You can crawl Xojo Web apps but you’ll need to read how. :slight_smile:

https://developers.google.com/webmasters/ajax-crawling/?csw=1

You would still need the ability to return plain html to satisfy the needs of the Google Ajax crawler, and at the moment you don’t have that ability.

You can create a sitemap and use a site-page generator along with a robot.txt file allowing (pointing out) the content to Google (bots). I’ll see if I can’t create a barebones open source solution tomorrow. Site will load in a web-browser, then pull the innerhtml content out of each page to be crawled, removing markup to create the site-pages and reference those using a robot.txt file. That’s how Twitter and other Ajax sites get crawled. Only downside is all the site “content” will reside in a directory next to the CGI and the robot.txt will need to reside next to the CGI as well. I know I can do it in Windows, perhaps with a plugin the innerhtml from a webapp could be pulled from an htmlviewer for Mac and Linux? (Think Christian might have an Htmlviewer plugin extension.)

I also suggest you study the Xojo WebSDK. To create a website, you will have much more freedom and opportunity.

But here too, the fact that the website is switched off when it is no longer network a few seconds is a problem (even if you do not use the WebSDK).

In order to get some visibility on Google, which accounts for the vast majority of requests, you absolutely need a sitemap, preferably at the root of the domain. Also, a Robot.txt file must be placed there as well. Adding keywords and description Meta can be done through the Page Source control for each webpage. The thorny point is that Google cannot “see” the content of a Xojo WebPage. hence the ranking will be poor as compared to plain HTML.

Mixing HTML and Xojo is probably the best of both worlds in terms of search engine optimization.

You may want to check http://static.googleusercontent.com/media/www.google.com/en//webmasters/docs/search-engine-optimization-starter-guide.pdf

There was some recent news (can’t find it now though) about Google’s ramping up of it’s ability to execute and parse JavaScript, apparently it’s getting pretty good at it.

Wish I could find where I read that, but I distinctly remember reading references to it just a couple of weeks or so ago (before Google I/O).

Back to the original question: Xojo is good for building complex mechanics behind websites. For the website itself Xojo is not the proper tool. Like shooting mosquitos with a cannon.

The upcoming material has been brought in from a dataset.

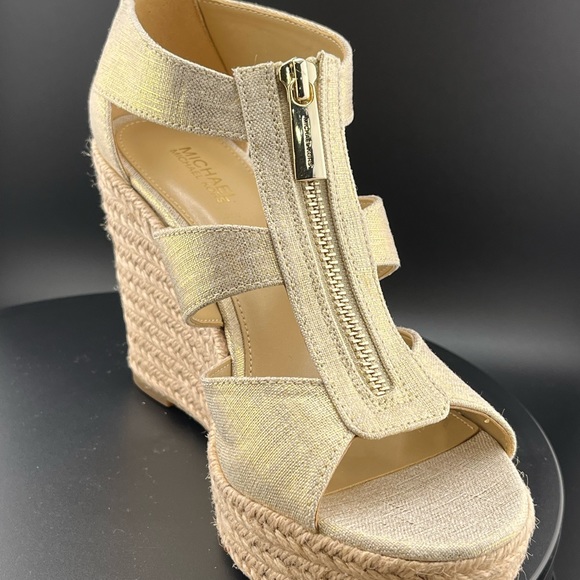 Michael Michael Kors Damita Metallic Wedge Sandals. Pale Gold. New with tags - Picture 5 of 9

Victor, you make a good point, but considering my skills in writing HTML and the fact that there isnt a template out there to do what I need for my web site, Xojo looks like a pretty attractive proposition. If what Ian Jones says in a few earlier posts is true, then by the time I finally learn Xojo and write my web app, then indexing should not be a problem.

Maybe it’s time to develop a proper library for injecting Xojo in regular HTML+CSS+jQuery build websites. I build that way with PHP. That gives all the benifits of pure HTML as well as the fast en safe scripting in Xojo.

Found the Google post … http://googlewebmastercentral.blogspot.co.at/2014/05/understanding-web-pages-better.html

Although personally, I still think it’s a little early to be building “brochure” websites with a tool like Xojo, and especially given the startup latency of a Xojo web app, which will bash your ranking in Google and the like (they take performance characteristics into account these days).